I return to the point that I made about getting money back if it is subsequently discovered that that money should not have been received in the first place.
Exactly.
With previous bills, particularly when there has been a lot of subordinate legislation and delegated powers, we have discussed the possibility, at least, of regulations being subject to the affirmative procedure at first. Subsequently, the regulations could be subject to less strict procedure. In the first instance, there might be a case here for considering matters in a more detailed fashion, perhaps under the affirmative procedure. When we are sure about things, we can move on to less detailed scrutiny. For all the provisions to go through as subject to annulment does not necessarily seem to be the best way to proceed. We have discussed the matter before and it may not be inappropriate to proceed in such a fashion.
Alasdair Rankin might want to highlight for next week's meeting what delegated powers are suggested as being subject to the negative procedure. That would be helpful.
We can do that.
We will proceed to proposed new sections 17O(1) and 17O(2). The Executive's memorandum describes the detail of the delegated powers conferred by proposed new section 17O(1), which makes provision for the establishment, by regulations, of national procedures for the resolution of disputes as to the terms of the proposed GMS contracts. On the surface, things seem to be okay. Our legal advice is that it is not thought that any procedure more onerous than annulment is necessary.
The legal briefing again raises the question whether something of potentially considerable importance should be in the bill or left to regulations. I would like to hear reasons, as I suspect that either way of doing things is equally valid.

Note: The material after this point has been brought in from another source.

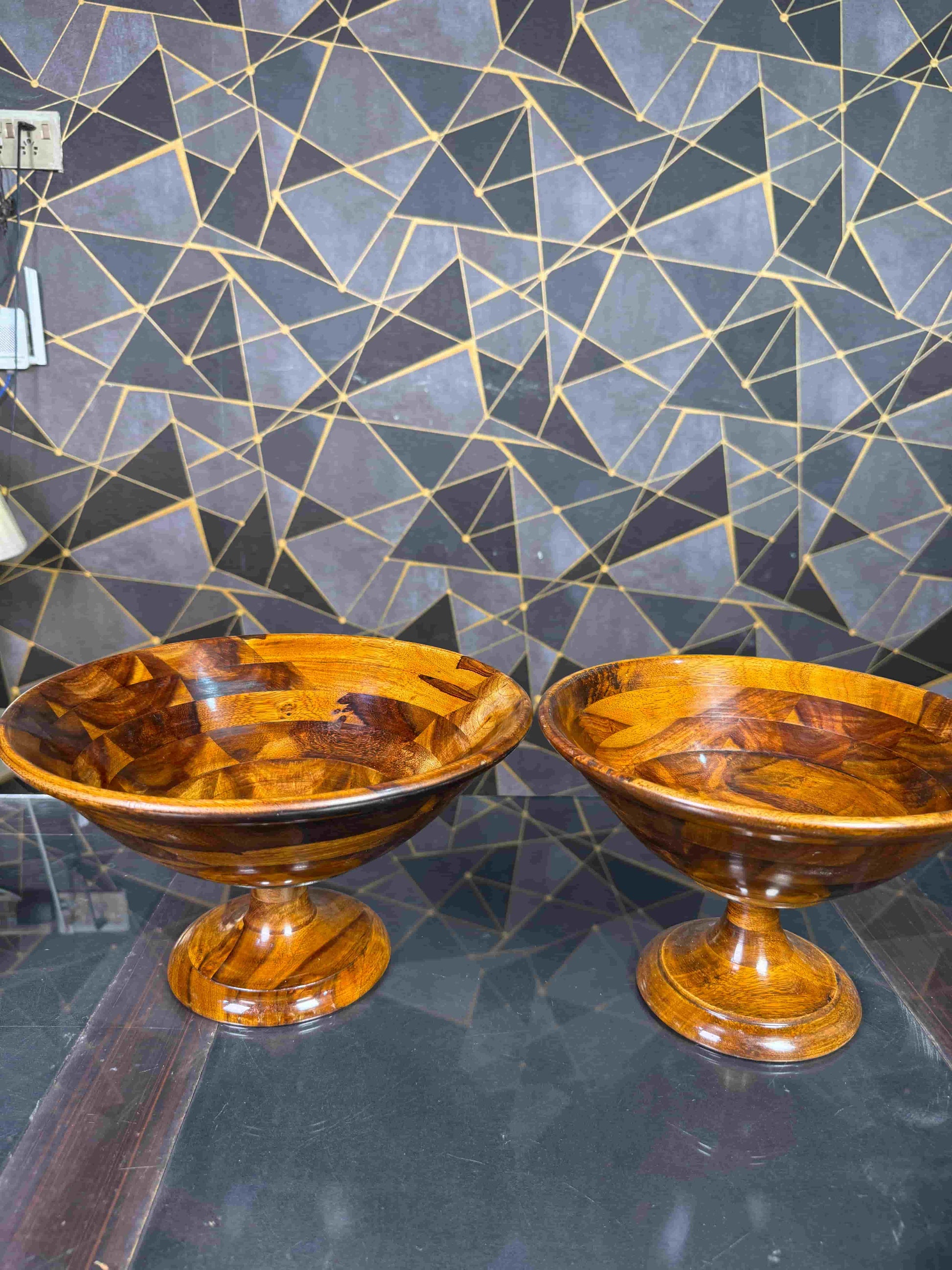 wooden bowl with stand - wcspk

We can add that one to the list.
I would hate to think that the question of an individual GP's eligibility might be debated in the Parliament. That would obviously be inappropriate.
That is suggested in our legal advice.
There is quite a big comment in our legal advice on section 7(1), on ancillary provisions.
There must be transitional arrangements. Is it valid for the affirmative procedure to be used merely because an instrument amends primary legislation? From the committee's point of view, is it right that all the matters in the catch-all provisions are there? Should any of them be anywhere else? Should they be the subject of a separate paragraph on their own? I would want to test that.
I am not sure that I understand. What do you mean by "should be on their own"?
I refer to what are described as ancillary provisions. I suppose that it might be regarded as a matter of opinion whether something is of sufficiently low importance to be an ancillary provision or whether it could be more important than the Executive is saying. Ancillary provisions are ones in which amendments can be made that have quite significant effects sometimes but that, because they are brushed in at the end, do not receive the detailed scrutiny that they might.
I was just not sure how that could be done. A provision is defined as incidental, supplemental or consequential. Either those words could be taken out—which would be difficult—or they could be left in, in which case it would be a matter of opinion later on whether the provision was consequential or serious. Unless it could be known in advance what the issue was going to be, it would be hard to know which word to take out. I do not, therefore, know how the wording could be amended.
Are you bringing the issue of vires into this?
No, not at all.
I am happy to raise the matter and have Gordon Jackson express an opposing point of view.
It is not an opposing point of view. I just do not know how a word could be taken out in advance, as it could not be known in advance whether the provision was consequential or serious.
Let us have that debate. We will put that on the list.